= INFORMATION SUPPLIED =
-=-=-
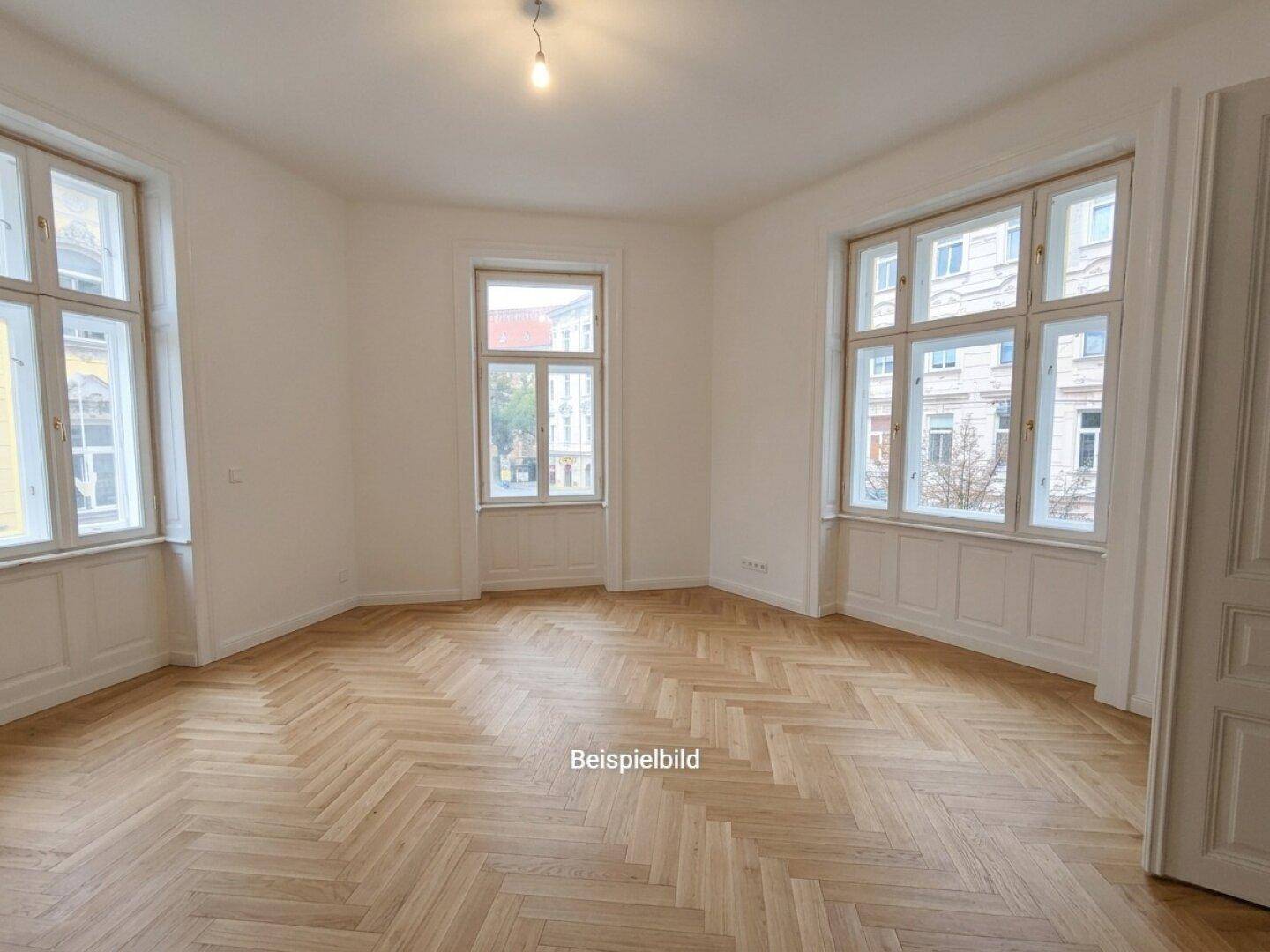 Helles Zimmer mit Fischgrätparkett, hohen Decken und großen Fenstern mit Blick auf die Straße.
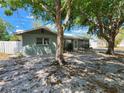 Charming single-story home with mature trees providing shade, a white fence, and a well-kept lawn at 2727 Waldemere St, Sarasota, FL 34239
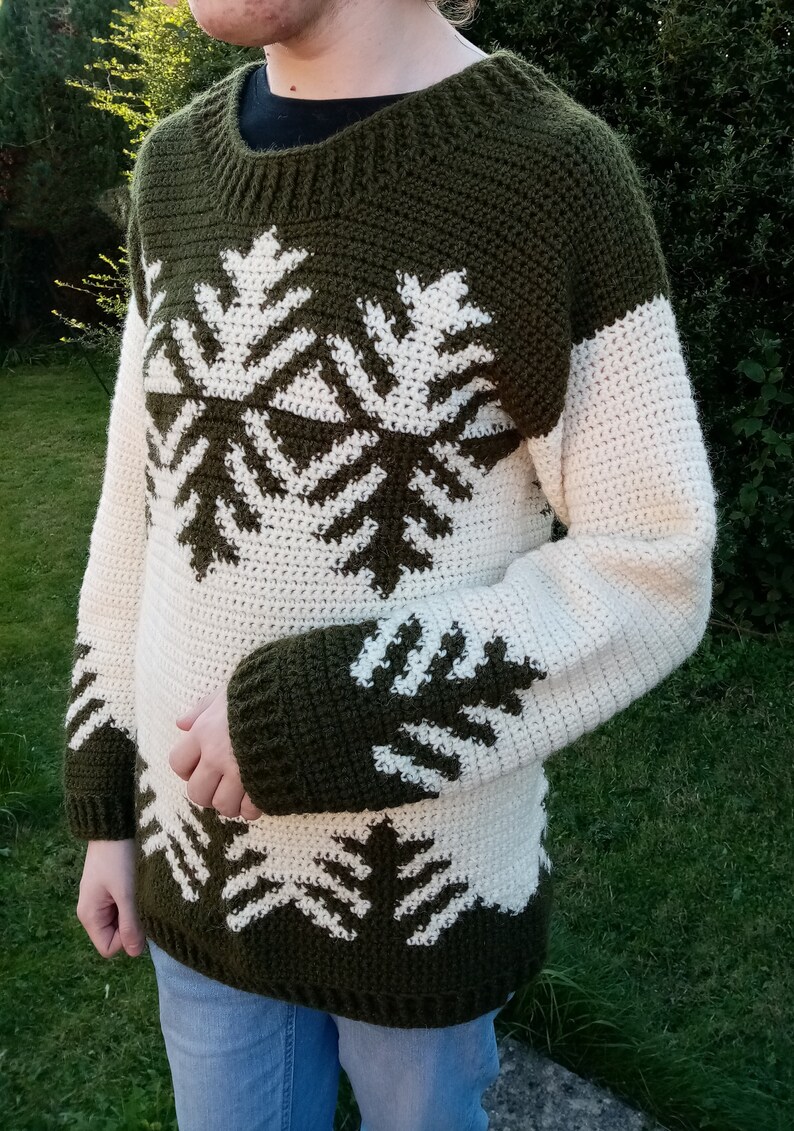 May include: A green and white crocheted sweater with a snowflake pattern. The sweater has long sleeves and a crew neck.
-=-=-
= INSTRUCTIONS FOR THE TASK =
Return the complete material exactly as it appears, without images.

= ANSWER TO THE EXERCISE =
 Helles Zimmer mit Fischgrätparkett, hohen Decken und großen Fenstern mit Blick auf die Straße.
 Charming single-story home with mature trees providing shade, a white fence, and a well-kept lawn at 2727 Waldemere St, Sarasota, FL 34239
 May include: A green and white crocheted sweater with a snowflake pattern. The sweater has long sleeves and a crew neck.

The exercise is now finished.